#### Data below
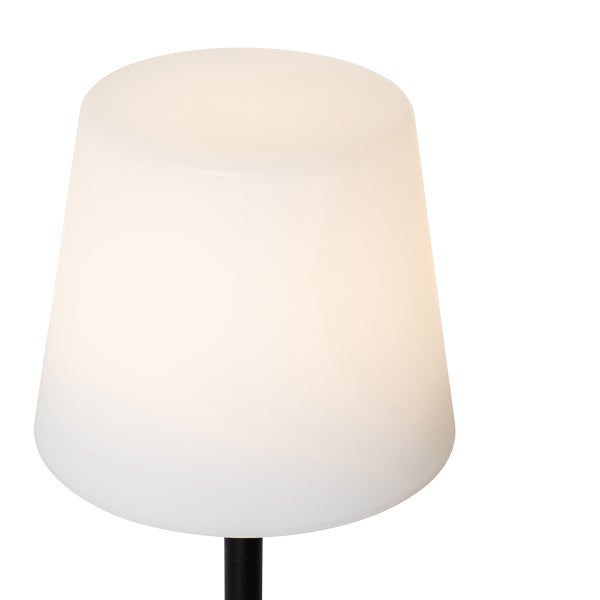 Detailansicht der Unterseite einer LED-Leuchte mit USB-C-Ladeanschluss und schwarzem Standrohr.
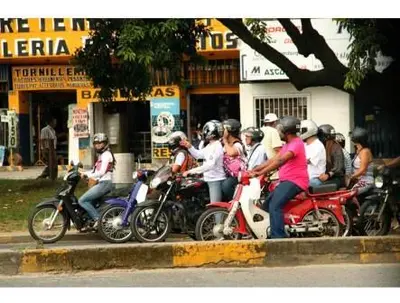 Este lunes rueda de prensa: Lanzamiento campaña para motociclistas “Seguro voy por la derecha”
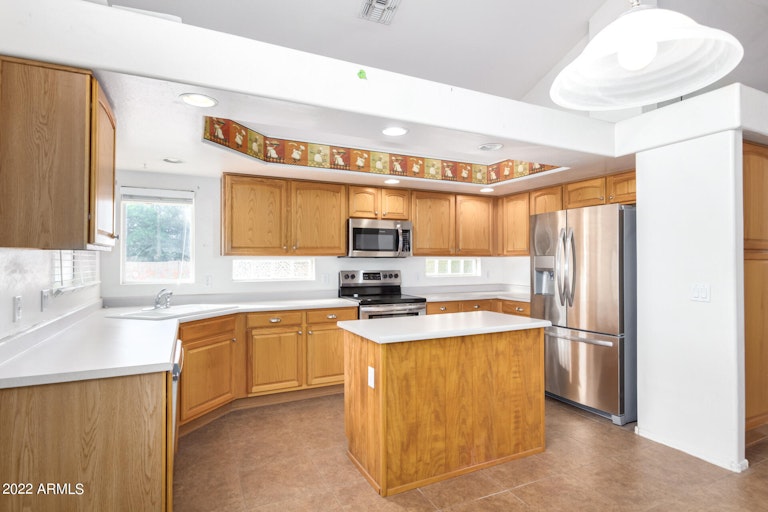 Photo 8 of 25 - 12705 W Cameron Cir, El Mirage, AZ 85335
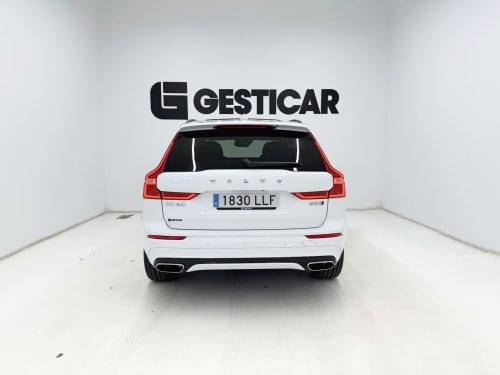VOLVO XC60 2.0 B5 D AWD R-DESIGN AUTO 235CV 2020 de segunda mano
########
#### What is needed:
Leave out the pictures and reproduce the rest of the listing exactly.

#### Answer to the problem:
 Detailansicht der Unterseite einer LED-Leuchte mit USB-C-Ladeanschluss und schwarzem Standrohr.
 Este lunes rueda de prensa: Lanzamiento campaña para motociclistas “Seguro voy por la derecha”
 Photo 8 of 25 - 12705 W Cameron Cir, El Mirage, AZ 85335
VOLVO XC60 2.0 B5 D AWD R-DESIGN AUTO 235CV 2020 de segunda mano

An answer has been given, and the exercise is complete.